Move over, He Puapua. The government’s announcement this morning that a car-free second Auckland harbour crossing would be built for cyclists and pedestrians, together with the abandonment of the large-scale plan for Mill Road in south Auckland, offered Judith Collins a potential rallying cry, and a chance to move on from the distractions of a difficult week for the National Party.
Standing in front of the harbour bridge this afternoon, Collins told Aucklanders confronting long weekend gridlock that the government has given them a “kick in the teeth” with a new bridge they can’t drive over. Labour “hates cars” and the “modern New Zealand” that drives them, she declared.
For the past month Collins has been calling the government “segregationist” for a wide-ranging report it commissioned called He Puapua. The report recommended ways the country could better reflect and serve Māori, including the eventual establishment of a Māori parliament. While many of the suggestions in the report have already been ruled out by Labour, Collins’ continued focus has led to allegations of racism from her critics, including the two MPs in Te Pāti Māori.
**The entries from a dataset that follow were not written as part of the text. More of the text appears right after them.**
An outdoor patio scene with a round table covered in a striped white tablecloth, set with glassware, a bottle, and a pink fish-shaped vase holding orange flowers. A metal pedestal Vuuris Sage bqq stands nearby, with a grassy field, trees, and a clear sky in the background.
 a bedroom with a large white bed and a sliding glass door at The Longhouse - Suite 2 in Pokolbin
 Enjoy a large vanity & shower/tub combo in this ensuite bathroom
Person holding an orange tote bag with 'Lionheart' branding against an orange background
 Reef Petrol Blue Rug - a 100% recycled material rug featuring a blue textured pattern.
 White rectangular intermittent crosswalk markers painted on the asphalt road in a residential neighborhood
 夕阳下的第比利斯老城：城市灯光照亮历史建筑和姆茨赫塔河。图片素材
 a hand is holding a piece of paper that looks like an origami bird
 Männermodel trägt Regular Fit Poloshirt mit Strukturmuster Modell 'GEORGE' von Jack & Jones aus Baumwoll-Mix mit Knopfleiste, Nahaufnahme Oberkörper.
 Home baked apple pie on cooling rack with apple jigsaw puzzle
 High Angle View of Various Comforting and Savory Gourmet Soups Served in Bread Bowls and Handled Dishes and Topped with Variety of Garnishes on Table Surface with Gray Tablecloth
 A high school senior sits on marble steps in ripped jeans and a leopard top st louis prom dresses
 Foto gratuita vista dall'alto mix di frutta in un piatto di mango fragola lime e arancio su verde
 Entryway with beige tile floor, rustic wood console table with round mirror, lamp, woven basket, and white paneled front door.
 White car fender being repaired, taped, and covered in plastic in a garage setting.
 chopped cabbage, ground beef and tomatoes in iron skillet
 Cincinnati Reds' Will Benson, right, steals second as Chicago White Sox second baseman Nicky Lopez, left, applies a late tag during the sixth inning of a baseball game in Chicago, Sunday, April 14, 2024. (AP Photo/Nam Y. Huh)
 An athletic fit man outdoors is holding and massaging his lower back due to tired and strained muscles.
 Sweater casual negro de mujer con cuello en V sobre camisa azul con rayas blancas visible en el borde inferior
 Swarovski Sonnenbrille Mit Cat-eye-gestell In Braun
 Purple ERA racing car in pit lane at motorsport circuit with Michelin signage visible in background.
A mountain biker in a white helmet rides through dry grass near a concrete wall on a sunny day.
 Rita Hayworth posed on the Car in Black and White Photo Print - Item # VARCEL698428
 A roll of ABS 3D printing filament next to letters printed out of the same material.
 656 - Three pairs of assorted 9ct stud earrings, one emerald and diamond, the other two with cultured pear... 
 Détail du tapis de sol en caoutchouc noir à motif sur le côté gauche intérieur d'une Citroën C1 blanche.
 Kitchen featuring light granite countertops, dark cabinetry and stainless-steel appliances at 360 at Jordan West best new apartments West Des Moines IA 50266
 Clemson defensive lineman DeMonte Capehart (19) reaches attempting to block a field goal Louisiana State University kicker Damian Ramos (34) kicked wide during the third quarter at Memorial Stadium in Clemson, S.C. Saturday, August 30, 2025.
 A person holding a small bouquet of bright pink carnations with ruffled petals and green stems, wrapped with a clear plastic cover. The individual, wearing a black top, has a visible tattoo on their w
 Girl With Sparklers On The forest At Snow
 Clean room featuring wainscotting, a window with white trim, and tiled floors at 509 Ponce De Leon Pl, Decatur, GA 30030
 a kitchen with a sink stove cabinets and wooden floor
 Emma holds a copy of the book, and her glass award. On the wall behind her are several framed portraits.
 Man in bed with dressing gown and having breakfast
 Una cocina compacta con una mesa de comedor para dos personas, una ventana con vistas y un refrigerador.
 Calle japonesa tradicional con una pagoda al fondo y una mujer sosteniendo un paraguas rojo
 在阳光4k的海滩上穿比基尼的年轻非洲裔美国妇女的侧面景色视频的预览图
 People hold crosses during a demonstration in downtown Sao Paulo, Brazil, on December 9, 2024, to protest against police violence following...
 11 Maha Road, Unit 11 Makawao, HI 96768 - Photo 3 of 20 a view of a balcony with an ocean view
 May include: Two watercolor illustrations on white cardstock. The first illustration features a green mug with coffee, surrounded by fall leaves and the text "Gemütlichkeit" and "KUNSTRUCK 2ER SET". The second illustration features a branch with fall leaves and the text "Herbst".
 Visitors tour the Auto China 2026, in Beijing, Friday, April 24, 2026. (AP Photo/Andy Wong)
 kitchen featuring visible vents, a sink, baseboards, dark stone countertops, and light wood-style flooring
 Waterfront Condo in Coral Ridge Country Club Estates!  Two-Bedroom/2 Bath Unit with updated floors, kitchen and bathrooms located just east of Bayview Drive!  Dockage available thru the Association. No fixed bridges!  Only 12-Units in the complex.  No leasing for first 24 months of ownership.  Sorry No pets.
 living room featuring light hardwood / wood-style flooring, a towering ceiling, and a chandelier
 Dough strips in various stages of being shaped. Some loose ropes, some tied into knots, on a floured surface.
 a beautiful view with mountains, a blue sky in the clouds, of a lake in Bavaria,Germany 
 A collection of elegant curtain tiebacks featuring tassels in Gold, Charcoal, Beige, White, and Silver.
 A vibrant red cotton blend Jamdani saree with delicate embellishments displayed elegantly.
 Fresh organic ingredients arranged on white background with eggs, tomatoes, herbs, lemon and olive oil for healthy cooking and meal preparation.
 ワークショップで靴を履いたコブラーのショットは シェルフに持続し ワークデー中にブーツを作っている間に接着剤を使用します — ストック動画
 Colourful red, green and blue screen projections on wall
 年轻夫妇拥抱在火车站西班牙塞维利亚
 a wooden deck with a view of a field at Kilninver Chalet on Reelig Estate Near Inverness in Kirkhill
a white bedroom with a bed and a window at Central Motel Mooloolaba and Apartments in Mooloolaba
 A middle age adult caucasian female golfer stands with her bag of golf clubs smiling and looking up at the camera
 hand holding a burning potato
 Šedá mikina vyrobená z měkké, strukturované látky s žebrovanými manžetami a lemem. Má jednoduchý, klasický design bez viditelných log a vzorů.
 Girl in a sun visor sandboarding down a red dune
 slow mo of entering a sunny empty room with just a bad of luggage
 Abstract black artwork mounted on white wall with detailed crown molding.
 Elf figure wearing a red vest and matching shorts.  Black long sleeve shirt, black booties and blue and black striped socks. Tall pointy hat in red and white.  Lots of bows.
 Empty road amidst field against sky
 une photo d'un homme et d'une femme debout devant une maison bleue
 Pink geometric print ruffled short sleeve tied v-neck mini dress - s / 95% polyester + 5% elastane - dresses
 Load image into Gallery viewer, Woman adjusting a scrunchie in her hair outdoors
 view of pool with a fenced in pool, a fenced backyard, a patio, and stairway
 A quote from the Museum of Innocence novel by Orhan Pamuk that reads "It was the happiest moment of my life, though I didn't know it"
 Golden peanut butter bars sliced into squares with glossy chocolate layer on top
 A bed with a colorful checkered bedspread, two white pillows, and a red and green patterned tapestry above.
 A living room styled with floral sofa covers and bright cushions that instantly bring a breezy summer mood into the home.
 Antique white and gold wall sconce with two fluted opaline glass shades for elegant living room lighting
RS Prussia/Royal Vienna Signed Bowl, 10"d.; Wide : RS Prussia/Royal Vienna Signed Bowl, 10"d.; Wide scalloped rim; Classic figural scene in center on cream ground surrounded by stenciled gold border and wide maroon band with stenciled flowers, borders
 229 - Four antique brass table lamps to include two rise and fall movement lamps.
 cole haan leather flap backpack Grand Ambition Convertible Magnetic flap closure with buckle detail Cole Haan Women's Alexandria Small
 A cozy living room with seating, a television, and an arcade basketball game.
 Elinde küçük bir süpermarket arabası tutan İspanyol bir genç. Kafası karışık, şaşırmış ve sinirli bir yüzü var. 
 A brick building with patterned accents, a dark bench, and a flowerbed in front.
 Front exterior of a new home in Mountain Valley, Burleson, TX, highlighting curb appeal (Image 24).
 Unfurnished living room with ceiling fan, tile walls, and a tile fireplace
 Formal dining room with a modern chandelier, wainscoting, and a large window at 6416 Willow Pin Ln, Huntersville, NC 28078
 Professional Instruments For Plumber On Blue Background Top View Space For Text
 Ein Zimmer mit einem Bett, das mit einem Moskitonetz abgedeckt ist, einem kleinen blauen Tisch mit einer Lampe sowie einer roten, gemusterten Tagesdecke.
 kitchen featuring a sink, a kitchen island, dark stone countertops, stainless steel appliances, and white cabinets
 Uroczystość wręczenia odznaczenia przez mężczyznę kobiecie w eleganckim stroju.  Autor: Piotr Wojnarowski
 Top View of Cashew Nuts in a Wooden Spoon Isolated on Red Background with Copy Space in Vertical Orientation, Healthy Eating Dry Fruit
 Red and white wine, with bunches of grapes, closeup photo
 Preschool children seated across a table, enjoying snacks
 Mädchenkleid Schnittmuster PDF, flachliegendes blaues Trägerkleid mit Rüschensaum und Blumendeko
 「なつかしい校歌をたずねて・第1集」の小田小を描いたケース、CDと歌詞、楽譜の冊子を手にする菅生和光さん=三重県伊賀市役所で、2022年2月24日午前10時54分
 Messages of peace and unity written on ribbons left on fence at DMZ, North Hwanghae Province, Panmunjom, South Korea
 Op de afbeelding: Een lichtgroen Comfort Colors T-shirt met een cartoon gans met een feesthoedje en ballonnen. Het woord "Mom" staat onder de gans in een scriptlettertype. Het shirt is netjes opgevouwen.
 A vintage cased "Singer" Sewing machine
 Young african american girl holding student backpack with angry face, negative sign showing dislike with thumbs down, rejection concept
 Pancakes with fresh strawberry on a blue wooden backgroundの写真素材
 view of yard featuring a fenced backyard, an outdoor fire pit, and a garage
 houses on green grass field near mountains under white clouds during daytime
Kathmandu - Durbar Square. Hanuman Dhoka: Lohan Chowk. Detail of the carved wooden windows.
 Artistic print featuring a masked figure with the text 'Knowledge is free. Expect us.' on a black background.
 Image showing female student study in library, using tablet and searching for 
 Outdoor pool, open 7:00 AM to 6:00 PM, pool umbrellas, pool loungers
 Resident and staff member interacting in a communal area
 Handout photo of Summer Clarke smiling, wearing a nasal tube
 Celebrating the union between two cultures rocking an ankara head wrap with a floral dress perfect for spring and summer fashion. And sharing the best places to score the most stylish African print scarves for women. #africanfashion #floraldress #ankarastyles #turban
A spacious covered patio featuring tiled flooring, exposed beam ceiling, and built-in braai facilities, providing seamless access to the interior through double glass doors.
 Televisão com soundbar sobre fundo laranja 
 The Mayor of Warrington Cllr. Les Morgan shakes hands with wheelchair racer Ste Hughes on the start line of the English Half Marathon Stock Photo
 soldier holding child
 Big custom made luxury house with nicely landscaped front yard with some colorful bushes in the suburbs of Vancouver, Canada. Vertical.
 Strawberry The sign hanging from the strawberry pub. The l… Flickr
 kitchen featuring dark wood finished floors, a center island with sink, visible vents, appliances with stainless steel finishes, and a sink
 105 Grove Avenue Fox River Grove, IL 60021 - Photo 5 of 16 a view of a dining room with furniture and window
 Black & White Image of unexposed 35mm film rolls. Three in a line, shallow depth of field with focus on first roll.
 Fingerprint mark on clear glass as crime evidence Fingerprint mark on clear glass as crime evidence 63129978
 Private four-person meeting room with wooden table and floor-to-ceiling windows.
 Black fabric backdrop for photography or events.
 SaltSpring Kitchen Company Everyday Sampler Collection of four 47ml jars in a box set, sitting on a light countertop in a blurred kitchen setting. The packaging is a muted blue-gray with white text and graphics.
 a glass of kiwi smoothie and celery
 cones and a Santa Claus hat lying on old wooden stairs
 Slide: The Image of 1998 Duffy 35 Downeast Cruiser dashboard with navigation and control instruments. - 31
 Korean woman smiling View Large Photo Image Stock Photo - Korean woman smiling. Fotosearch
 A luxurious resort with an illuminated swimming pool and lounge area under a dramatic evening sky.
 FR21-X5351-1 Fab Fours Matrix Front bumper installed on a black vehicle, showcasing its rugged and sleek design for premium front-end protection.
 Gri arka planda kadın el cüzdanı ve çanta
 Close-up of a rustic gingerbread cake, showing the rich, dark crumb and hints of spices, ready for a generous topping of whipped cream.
On a Friday afternoon in Auckland, she left He Puapua and returned to the reliable National Party terrain of defending drivers and championing big roads. A $700 million bridge for cyclists and pedestrians would do nothing for the economy or hard-working middle New Zealand, who drive cars to get groceries and bring their kids to soccer practice, Collins said.
Any attempts to shift the opposition narrative soon stumbled, however. Not because of He Puapua, but because of the controversies that have swirled this week around two National figures: one a veteran MP, the other a candidate who flunked his chance to win one of the safer National seats and never made it to parliament.
This afternoon’s press conference lasted only a few minutes before the questions turned back to a week for Collins that started badly and got worse.
Nick Smith, a 30-year member of parliament, suddenly announced his retirement on Monday afternoon, while also revealing that he is the subject of a Parliamentary Services inquiry into a verbal altercation with a staffer last year. Collins had told the MP that an embarrassing story about the inquiry would be coming out Tuesday. He stepped down. No such story emerged.
While questions swirled about Collins’ advice to Smith and the details of the altercation he revealed, a second damaging story emerged about another high-profile National party member.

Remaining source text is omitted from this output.